--- Record set Enclosed Below ---

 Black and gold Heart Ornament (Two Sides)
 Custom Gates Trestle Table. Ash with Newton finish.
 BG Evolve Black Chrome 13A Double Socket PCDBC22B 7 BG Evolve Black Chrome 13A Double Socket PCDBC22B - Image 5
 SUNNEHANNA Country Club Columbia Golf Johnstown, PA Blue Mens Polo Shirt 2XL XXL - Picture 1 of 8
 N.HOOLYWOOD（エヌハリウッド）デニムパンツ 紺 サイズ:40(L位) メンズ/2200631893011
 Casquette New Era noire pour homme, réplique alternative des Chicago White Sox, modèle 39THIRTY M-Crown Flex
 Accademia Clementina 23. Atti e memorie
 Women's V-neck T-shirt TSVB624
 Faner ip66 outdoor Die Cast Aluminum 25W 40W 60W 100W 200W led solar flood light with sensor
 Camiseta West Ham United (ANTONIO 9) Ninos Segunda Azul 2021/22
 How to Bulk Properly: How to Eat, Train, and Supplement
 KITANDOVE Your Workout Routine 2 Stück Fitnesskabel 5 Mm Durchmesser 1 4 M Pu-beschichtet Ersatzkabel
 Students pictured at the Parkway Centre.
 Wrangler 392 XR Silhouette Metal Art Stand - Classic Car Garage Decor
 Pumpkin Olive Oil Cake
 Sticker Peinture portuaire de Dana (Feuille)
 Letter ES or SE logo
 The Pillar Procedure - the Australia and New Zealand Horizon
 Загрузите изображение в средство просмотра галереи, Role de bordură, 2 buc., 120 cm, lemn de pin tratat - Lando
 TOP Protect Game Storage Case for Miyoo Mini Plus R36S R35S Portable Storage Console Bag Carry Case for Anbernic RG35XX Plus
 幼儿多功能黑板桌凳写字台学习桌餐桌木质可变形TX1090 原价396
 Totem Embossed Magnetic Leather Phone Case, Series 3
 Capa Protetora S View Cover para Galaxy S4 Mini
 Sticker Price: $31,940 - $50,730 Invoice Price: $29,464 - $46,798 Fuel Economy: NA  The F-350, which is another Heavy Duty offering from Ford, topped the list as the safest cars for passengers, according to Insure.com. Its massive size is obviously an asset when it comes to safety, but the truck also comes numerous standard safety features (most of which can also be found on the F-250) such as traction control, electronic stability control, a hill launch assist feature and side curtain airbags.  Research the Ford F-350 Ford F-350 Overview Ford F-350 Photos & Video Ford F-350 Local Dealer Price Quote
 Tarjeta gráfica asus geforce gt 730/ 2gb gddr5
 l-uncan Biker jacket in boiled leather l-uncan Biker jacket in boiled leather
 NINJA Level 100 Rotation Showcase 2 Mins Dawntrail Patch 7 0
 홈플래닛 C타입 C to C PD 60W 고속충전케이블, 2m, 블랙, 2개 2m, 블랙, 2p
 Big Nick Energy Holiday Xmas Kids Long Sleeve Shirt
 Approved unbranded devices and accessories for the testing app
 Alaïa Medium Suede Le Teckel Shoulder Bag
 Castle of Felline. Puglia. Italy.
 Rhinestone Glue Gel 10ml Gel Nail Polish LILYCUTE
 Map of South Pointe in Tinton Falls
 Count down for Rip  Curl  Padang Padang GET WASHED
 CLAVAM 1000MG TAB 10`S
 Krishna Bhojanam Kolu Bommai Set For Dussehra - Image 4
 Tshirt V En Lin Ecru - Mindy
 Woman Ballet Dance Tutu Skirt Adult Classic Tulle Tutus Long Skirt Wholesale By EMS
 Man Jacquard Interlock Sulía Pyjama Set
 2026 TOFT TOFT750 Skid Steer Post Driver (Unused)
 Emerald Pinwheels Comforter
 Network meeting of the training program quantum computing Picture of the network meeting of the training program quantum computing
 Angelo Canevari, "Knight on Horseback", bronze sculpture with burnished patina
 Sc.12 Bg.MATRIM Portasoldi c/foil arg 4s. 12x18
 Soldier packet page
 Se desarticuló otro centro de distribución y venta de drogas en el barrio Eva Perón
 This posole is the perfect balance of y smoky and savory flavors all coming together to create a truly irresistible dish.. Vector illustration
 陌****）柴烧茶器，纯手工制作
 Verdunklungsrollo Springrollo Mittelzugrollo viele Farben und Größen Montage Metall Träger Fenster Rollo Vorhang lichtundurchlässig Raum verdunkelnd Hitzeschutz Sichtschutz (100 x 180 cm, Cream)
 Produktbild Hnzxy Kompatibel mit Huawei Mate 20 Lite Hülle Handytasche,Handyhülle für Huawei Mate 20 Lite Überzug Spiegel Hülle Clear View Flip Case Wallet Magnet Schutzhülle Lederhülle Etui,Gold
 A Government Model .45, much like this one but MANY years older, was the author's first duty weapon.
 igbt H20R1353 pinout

--- End of Enclosed Record set ---

Without any change, reproduce the data in full.

> [Reply to the exercise]:
 Black and gold Heart Ornament (Two Sides)
 Custom Gates Trestle Table. Ash with Newton finish.
 BG Evolve Black Chrome 13A Double Socket PCDBC22B 7 BG Evolve Black Chrome 13A Double Socket PCDBC22B - Image 5
 SUNNEHANNA Country Club Columbia Golf Johnstown, PA Blue Mens Polo Shirt 2XL XXL - Picture 1 of 8
 N.HOOLYWOOD（エヌハリウッド）デニムパンツ 紺 サイズ:40(L位) メンズ/2200631893011
 Casquette New Era noire pour homme, réplique alternative des Chicago White Sox, modèle 39THIRTY M-Crown Flex
 Accademia Clementina 23. Atti e memorie
 Women's V-neck T-shirt TSVB624
 Faner ip66 outdoor Die Cast Aluminum 25W 40W 60W 100W 200W led solar flood light with sensor
 Camiseta West Ham United (ANTONIO 9) Ninos Segunda Azul 2021/22
 How to Bulk Properly: How to Eat, Train, and Supplement
 KITANDOVE Your Workout Routine 2 Stück Fitnesskabel 5 Mm Durchmesser 1 4 M Pu-beschichtet Ersatzkabel
 Students pictured at the Parkway Centre.
 Wrangler 392 XR Silhouette Metal Art Stand - Classic Car Garage Decor
 Pumpkin Olive Oil Cake
 Sticker Peinture portuaire de Dana (Feuille)
 Letter ES or SE logo
 The Pillar Procedure - the Australia and New Zealand Horizon
 Загрузите изображение в средство просмотра галереи, Role de bordură, 2 buc., 120 cm, lemn de pin tratat - Lando
 TOP Protect Game Storage Case for Miyoo Mini Plus R36S R35S Portable Storage Console Bag Carry Case for Anbernic RG35XX Plus
 幼儿多功能黑板桌凳写字台学习桌餐桌木质可变形TX1090 原价396
 Totem Embossed Magnetic Leather Phone Case, Series 3
 Capa Protetora S View Cover para Galaxy S4 Mini
 Sticker Price: $31,940 - $50,730 Invoice Price: $29,464 - $46,798 Fuel Economy: NA  The F-350, which is another Heavy Duty offering from Ford, topped the list as the safest cars for passengers, according to Insure.com. Its massive size is obviously an asset when it comes to safety, but the truck also comes numerous standard safety features (most of which can also be found on the F-250) such as traction control, electronic stability control, a hill launch assist feature and side curtain airbags.  Research the Ford F-350 Ford F-350 Overview Ford F-350 Photos & Video Ford F-350 Local Dealer Price Quote
 Tarjeta gráfica asus geforce gt 730/ 2gb gddr5
 l-uncan Biker jacket in boiled leather l-uncan Biker jacket in boiled leather
 NINJA Level 100 Rotation Showcase 2 Mins Dawntrail Patch 7 0
 홈플래닛 C타입 C to C PD 60W 고속충전케이블, 2m, 블랙, 2개 2m, 블랙, 2p
 Big Nick Energy Holiday Xmas Kids Long Sleeve Shirt
 Approved unbranded devices and accessories for the testing app
 Alaïa Medium Suede Le Teckel Shoulder Bag
 Castle of Felline. Puglia. Italy.
 Rhinestone Glue Gel 10ml Gel Nail Polish LILYCUTE
 Map of South Pointe in Tinton Falls
 Count down for Rip  Curl  Padang Padang GET WASHED
 CLAVAM 1000MG TAB 10`S
 Krishna Bhojanam Kolu Bommai Set For Dussehra - Image 4
 Tshirt V En Lin Ecru - Mindy
 Woman Ballet Dance Tutu Skirt Adult Classic Tulle Tutus Long Skirt Wholesale By EMS
 Man Jacquard Interlock Sulía Pyjama Set
 2026 TOFT TOFT750 Skid Steer Post Driver (Unused)
 Emerald Pinwheels Comforter
 Network meeting of the training program quantum computing Picture of the network meeting of the training program quantum computing
 Angelo Canevari, "Knight on Horseback", bronze sculpture with burnished patina
 Sc.12 Bg.MATRIM Portasoldi c/foil arg 4s. 12x18
 Soldier packet page
 Se desarticuló otro centro de distribución y venta de drogas en el barrio Eva Perón
 This posole is the perfect balance of y smoky and savory flavors all coming together to create a truly irresistible dish.. Vector illustration
 陌****）柴烧茶器，纯手工制作
 Verdunklungsrollo Springrollo Mittelzugrollo viele Farben und Größen Montage Metall Träger Fenster Rollo Vorhang lichtundurchlässig Raum verdunkelnd Hitzeschutz Sichtschutz (100 x 180 cm, Cream)
 Produktbild Hnzxy Kompatibel mit Huawei Mate 20 Lite Hülle Handytasche,Handyhülle für Huawei Mate 20 Lite Überzug Spiegel Hülle Clear View Flip Case Wallet Magnet Schutzhülle Lederhülle Etui,Gold
 A Government Model .45, much like this one but MANY years older, was the author's first duty weapon.
 igbt H20R1353 pinout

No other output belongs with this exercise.